Well it's sort of related.  True, if you consider the Thevenin equivalent of an amplifier i.e. an ideal source of gain*vin in series with a resistor of value the same as the output resistance of the amplifier, then you will as you say get half the output if you load this with a resistor of the same value.  It's a simple potential divider. 

But, there's a but. 

In the ideal situation just described, you could increase vin to compensate i.e. double vin to bring the output back up to it's unloaded level.  However, in practice, there is a limited maximum AC current supply swing available from the output and because this is shared with the load resistance, the output voltage can only swing so far.  By the way, I'm talking about the usual case where the load appears after an AC coupling cap.  i.e. usually it's the next stage which causes the loading and more often than not the stages will be AC coupled.  This effect still occurs with a DC coupled load to ground but the results are slightly different.

The easiest way to investigate this is to simulate. 

o.k.  thanks! 

i was thinking of a signal swinging at the maximum amplitude and no AC coupling.  if you put a load on equal to the collector resistor (so its equal to the output resistance -- my guess at output resistance) aren't you are going to run into a problem with forward biasing the base-collector junction when the output voltage swings down?  if so, then you cannot just increase the amplitude of the input signal to make up for loading down the output.  that will just make the problem worse. (i am picking this up from Perro Grande's comment back on page 1 where he mentions watching out for both extremes of the signal.)

cheers, paul

[alanlan]

...aren't you are going to run into a problem with forward biasing the base-collector junction when the output voltage swings down?

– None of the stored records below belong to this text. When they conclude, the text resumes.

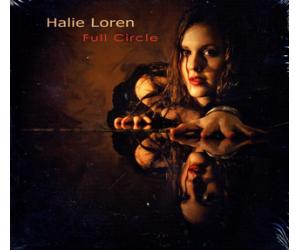 Halie Loren Full Circle 海莉萝伦 全心全灵 CL1042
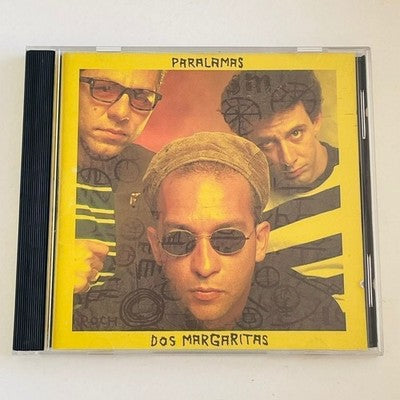 CD Os Paralamas Do Sucesso - Dos Margaritas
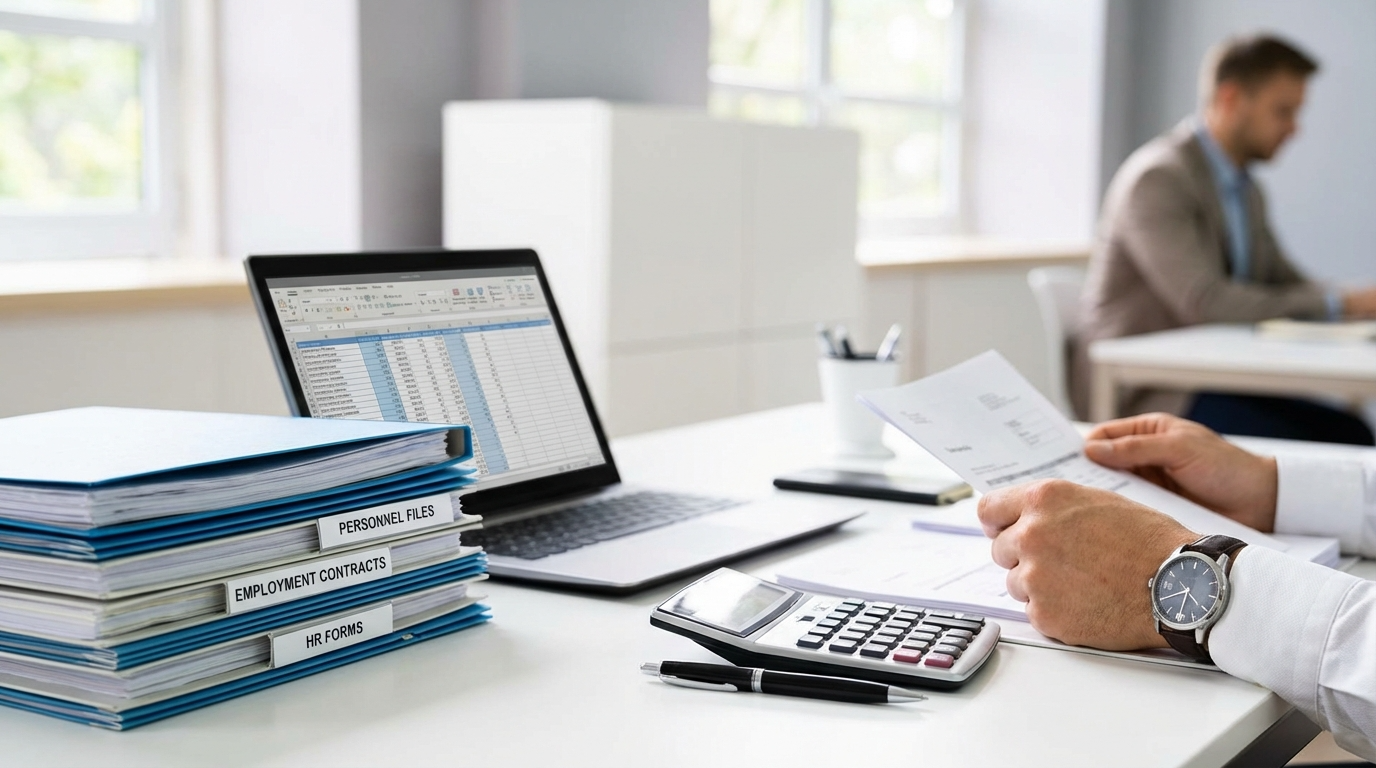 Какие кадровые документы должны быть у ИП с сотрудниками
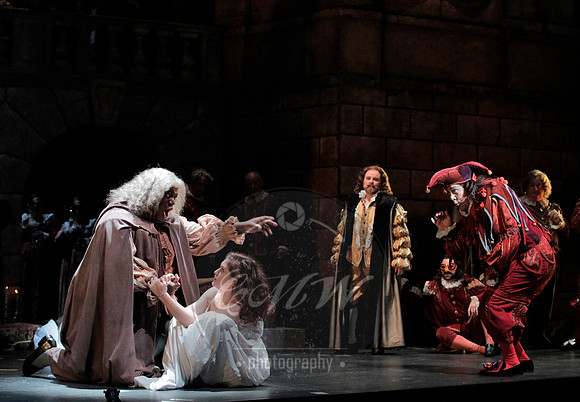 Portland Opera, Rigoletto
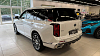 GAC GS8 Lounge HEV, серебряный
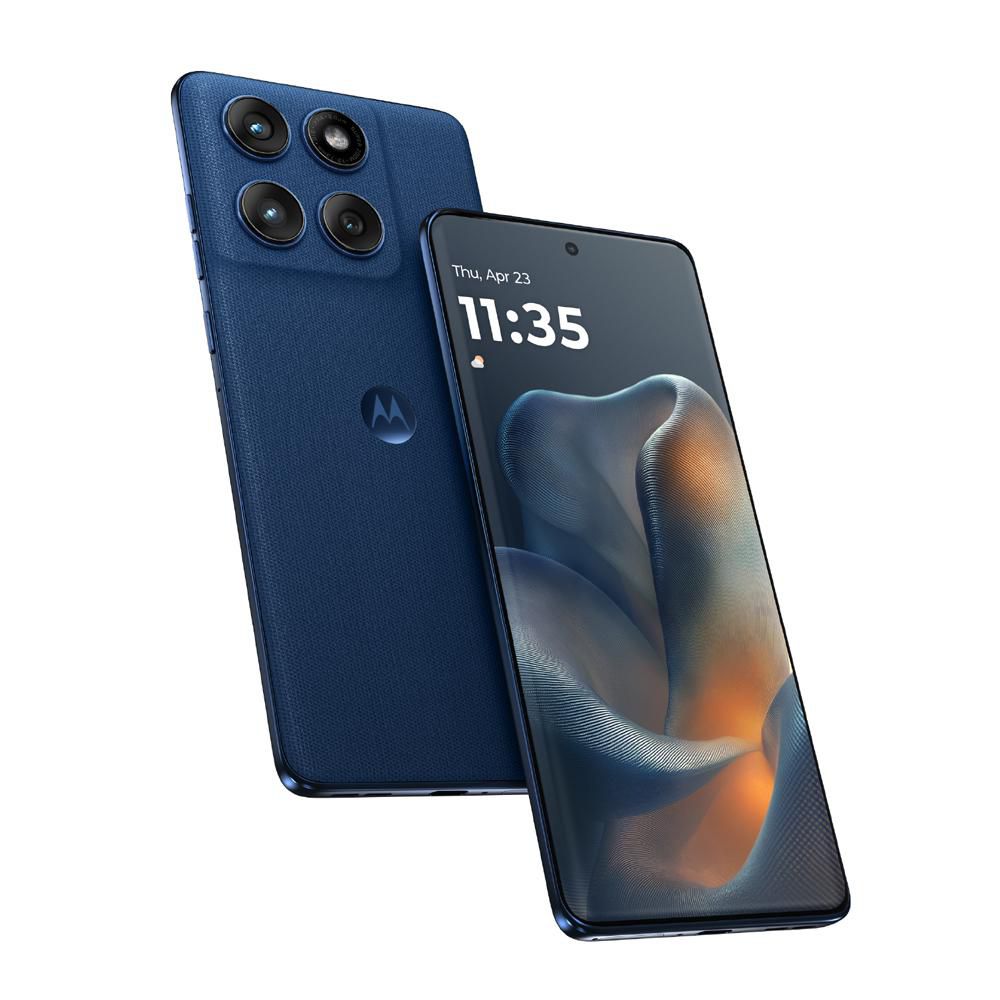 Celular MOTOROLA Edge 60 5G 512 GB 12 GB RAM Azul img #6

Not exactly because if you think about it, the emitter follows the base minus a diode drop.  If the transistor is saturated then the collector will be a tad higher than the emitter, but no lower than the emitter.  So the collector-base junction can't become severely reversed biased.  It will all limit out and the output will clip.

[gaussmarkov]

cheers!

i worked through some maths to see if i was getting some of this.  if i take the bounds of operation as  VB>0.6 (for the diode drop) and VC>VB (which could be loosened slightly?) then, for maximum swing, i get a VB operating point equal to

(6g + 3  + 5 Vcc)/(10(g+1)) =   0.6    +    (1/2 Vcc - 0.3)/(g+1)

(edit in green) and a VC operating point equal to

0.3 g /(1 + g)    +     Vcc/2 x (g + 2)/(g + 1)

where Vcc is the supply voltage and g = Rc/Re is the voltage gain of the amplifier.  so for unity gain (g = 1), that's VC = 0.15 + 3/4 Vcc, which is essentially what JDoyle observed.  for high g, VC is just above 1/2 Vcc.  and for a moderate value like  g=4, it's VC=5.6V.

given that  VE = VB - 0.6V, i get a VCE = VC - VE of

0.3 + 1/2 Vcc

which does not depend on g at all and is slightly above 1/2 Vcc, just like alanlan said.

[gaussmarkov]

how do you think about VBE when there is a bypass capacitor across Re?  i see that the constant diode drop doesn't apply anymore.

any help is appreciated, paul

[alanlan]

how do you think about VBE when there is a bypass capacitor across Re?  i see that the constant diode drop doesn't apply anymore.

any help is appreciated, paul

When you add a bypass cap, the signal on the emitter will be very much reduced providing less negative feedback which in turn means higher gain but also lower impedance looking into the base.  The base emitter junction is still a diode so you can't really make Vbe rise very much above normal diode forward drop voltages.  In practice what will happen is that a large signal going into the base will be clamped by the base emitter diode junction and the base current will rise causing more collector current to flow.  Hence higher gain and distortion (due to reduced negative feedback).

[gaussmarkov]

thanks, alanlan.

as i understand it, when current gain is low base current is no longer negligible and these approximations don't apply.  how low would you go with current gain (hfe) before considering these approximations inaccurate for biasing and other calcs?  i am thinking of the popularity of low gain transistors in fuzz face circuits, where below 50 is common.